Il risultato è stato pubblicato sul sito BioRxiv, archivio online di articoli in versione preprint, che condivide quindi articoli scientifici non ancora revisionati per la pubblicazione su una rivista ufficiale. Ma, stando all’azienda cinese Sinovac, sono buoni i risultati sulle scimmie da vaccino contro la Covid-19 sviluppato nei loro laboratori. In parallelo è stata avviata una sperimentazione sull’uomo, su 144 volontari.
Il vaccino, PICO-Vacc, basato su una forma purificata e inattivata del coronavirus, ha protetto gli animali dall’infezione senza effetti collaterali e il 16 aprile scorso sono iniziati gli studi sull’uomo, per valutare sicurezza e risposte immunitarie. La società spera di iniziare gli studi di fase II entro la metà di maggio su circa 1.000 persone.Oggi sulla rivista Science è stato pubblicato lo studio secondo cui il composto per prevenire Sars Cov 2, che scatena Covid 19, funziona su topi e macachi. I risultati sono stati pubblicati dal gruppo di ricerca cinese di Pechino coordinato da Qiang Gao.

 

L’equipe ha isolato diversi ceppi di coronavirus da 11 pazienti ricoverati in Cina, Italia, Svizzera, Spagna e Gran Bretagna. Un ceppo in particolare è stato selezionato, purificato e reso innocuo per poter sviluppare il vaccino. Il prodotto è stato dapprima somministrato a topi e ratti, che a distanza di tre settimane sono stati infettati con gli altri dieci ceppi virali: come risultato, PICO-Vacc è riuscito a neutralizzarli tutti.

Dopo questo primo successo la sperimentazione è passata sui macachi, a cui sono state somministrate tre dosi di vaccino (da 1,5 microgrammi o 6 microgrammi). Tre settimane dopo, il virus Sars-CoV-2 è stato introdotto nei polmoni delle scimmie e nessuno degli animali ha sviluppato un’infezione in piena regola.
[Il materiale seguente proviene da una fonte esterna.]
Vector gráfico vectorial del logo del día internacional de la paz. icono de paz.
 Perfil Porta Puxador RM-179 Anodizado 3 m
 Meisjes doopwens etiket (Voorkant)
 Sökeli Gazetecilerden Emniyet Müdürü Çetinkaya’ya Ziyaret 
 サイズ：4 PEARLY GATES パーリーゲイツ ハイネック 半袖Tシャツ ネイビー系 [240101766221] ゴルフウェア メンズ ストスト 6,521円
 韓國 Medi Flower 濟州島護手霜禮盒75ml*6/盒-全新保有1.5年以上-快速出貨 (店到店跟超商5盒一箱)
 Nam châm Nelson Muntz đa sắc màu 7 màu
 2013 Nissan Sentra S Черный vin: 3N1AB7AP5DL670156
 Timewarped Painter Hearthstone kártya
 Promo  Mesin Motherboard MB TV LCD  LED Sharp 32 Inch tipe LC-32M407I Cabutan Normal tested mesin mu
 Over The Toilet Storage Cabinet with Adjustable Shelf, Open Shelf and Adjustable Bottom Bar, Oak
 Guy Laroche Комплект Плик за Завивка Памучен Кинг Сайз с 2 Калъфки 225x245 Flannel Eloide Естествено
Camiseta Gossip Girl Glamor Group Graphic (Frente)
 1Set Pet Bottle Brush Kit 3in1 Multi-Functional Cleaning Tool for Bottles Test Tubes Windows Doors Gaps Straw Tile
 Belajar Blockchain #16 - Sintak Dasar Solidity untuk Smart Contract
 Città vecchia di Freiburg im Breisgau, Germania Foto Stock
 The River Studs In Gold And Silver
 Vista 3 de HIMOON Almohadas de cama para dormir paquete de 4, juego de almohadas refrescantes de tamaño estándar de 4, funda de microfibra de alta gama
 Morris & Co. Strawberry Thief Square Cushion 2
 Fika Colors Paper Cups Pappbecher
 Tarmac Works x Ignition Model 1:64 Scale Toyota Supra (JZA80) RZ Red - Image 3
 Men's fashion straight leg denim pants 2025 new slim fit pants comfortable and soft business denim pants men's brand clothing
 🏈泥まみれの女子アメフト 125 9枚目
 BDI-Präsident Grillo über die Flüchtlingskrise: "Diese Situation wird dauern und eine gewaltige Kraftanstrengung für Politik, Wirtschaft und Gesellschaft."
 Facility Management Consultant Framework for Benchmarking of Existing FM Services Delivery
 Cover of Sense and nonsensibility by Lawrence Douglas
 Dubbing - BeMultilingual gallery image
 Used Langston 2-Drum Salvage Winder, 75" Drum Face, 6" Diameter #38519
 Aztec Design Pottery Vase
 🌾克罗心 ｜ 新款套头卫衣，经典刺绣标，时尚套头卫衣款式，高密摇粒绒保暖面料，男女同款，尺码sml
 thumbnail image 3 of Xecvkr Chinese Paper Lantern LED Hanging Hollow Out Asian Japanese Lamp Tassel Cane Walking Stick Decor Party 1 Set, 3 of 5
Le scimmie che hanno ricevuto la dose più alta di vaccino hanno avuto la migliore risposta: sette giorni dopo l’esposizione al virus, non è stata rilevata la presenza del virus nel faringe o nei polmoni di nessuna di loro e, soprattutto, non hanno manifestato, nel breve termine, quel temuto effetto paradosso (chiamato Ade, Antibody-Dependent Enhancement) che induce la produzione di anticorpi non neutralizzanti capaci di favorire l’ingresso del virus nelle cellule.

Gli animali, che invece hanno ricevuto un basso dosaggio, hanno avuto un aumento transitorio della carica virale, ma pare che abbiano reagito comunque bene all’infezione. I quattro animali di controllo che non hanno ricevuto il vaccino hanno sviluppato grave polmonite.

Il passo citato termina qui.